Effects of the Second Messengers and Calcium Cations
Inositol Trisphosphate
Once activated, PLCs catalyze the hydrolysis of phosphatidylinositol-4,5-bisphosphate (PIP2) to produce diacylglycerol and inositol 1,4,5-trisphosphate (IP3), all of which serve as second messengers. Inositol trisphosphate releases Ca++ from intracellular stores and increases the influx of Ca++ from the extracellular fluid. Ca++ directly regulates target enzymes and indirectly affects other enzymes by functioning as a second messenger and interacting with Ca++-binding proteins, such as troponin C and calmodulin.

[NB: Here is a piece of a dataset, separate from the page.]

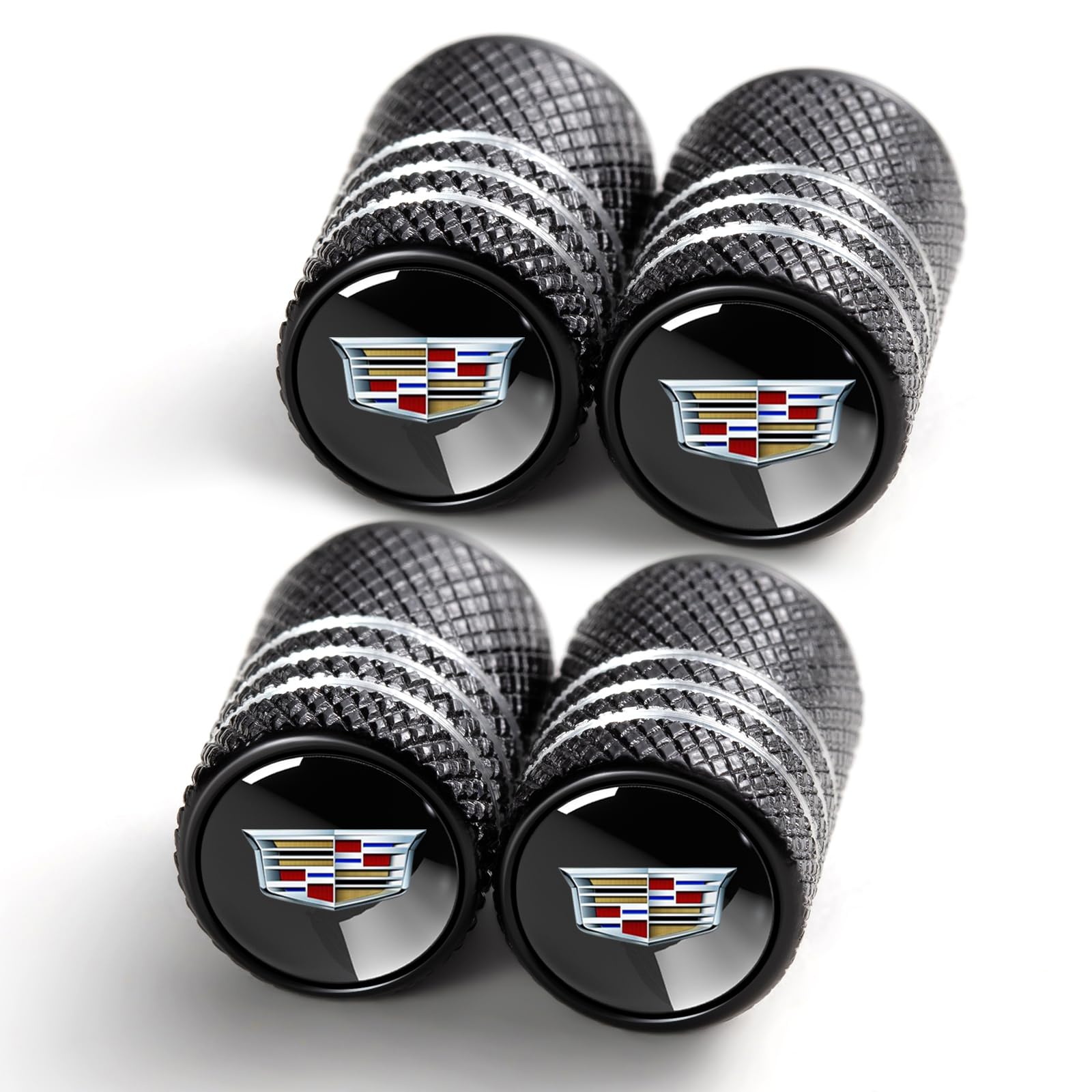Tire Valve Stem Caps for Cadillac Escalade CT4 CT5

Deactivation of the inositol trisphosphate pathway is achieved by active transport of Ca++ into cells and extrusion of ions by plasma membrane-bound, Ca++-pumping ATPases. Likewise, sequential phosphorylation degrades inositol trisphosphate.
Diacylglycerol
Diacylglycerol, a product of the hydrolysis by PLCs, acts as a second messenger by activating protein kinase C. After protein kinase C binds to diacylglycerol, the requirement of Ca++ by protein kinase C decreases to the level of free Ca++ found in the cytosol. Activated protein kinase C phosphorylates a great number of intracellular proteins. The termination of the diacylglycerol effect is achieved by enzymatic recycling to form phosphatidylinositol. Alternatively, a diacylglycerol lipase breaks down diacylglycerol.
PLC and Diseases
Evidence indicates that a high percentage of primary human mammary carcinomas concomitantly show increased levels of receptor EGF and PLC-gamma-1. Likewise, studies on spontaneous hypertensive rats have suggested that one of the main causes for the hypertension is an abnormal activation of PLC-delta-1 resulting from point mutations in the X and Y regions of the PLC amino acid sequence.
The biology of PLC is reviewed, inter alia, in Isselbacher et al., HARRISON'S PRINCIPLES OF INTERNAL MEDICINE, McGraw-Hill, New York City, 1994; Kuruvilla et al., J. Immunol. 151, 637–48, 1993; and Rhee & Choi, J. Biol. Chem. 267, 12393–96, 1994.
Because of the important role of PLC enzymes, there is a need in the art to identify additional members of this enzyme family which can be regulated to provide therapeutic effects.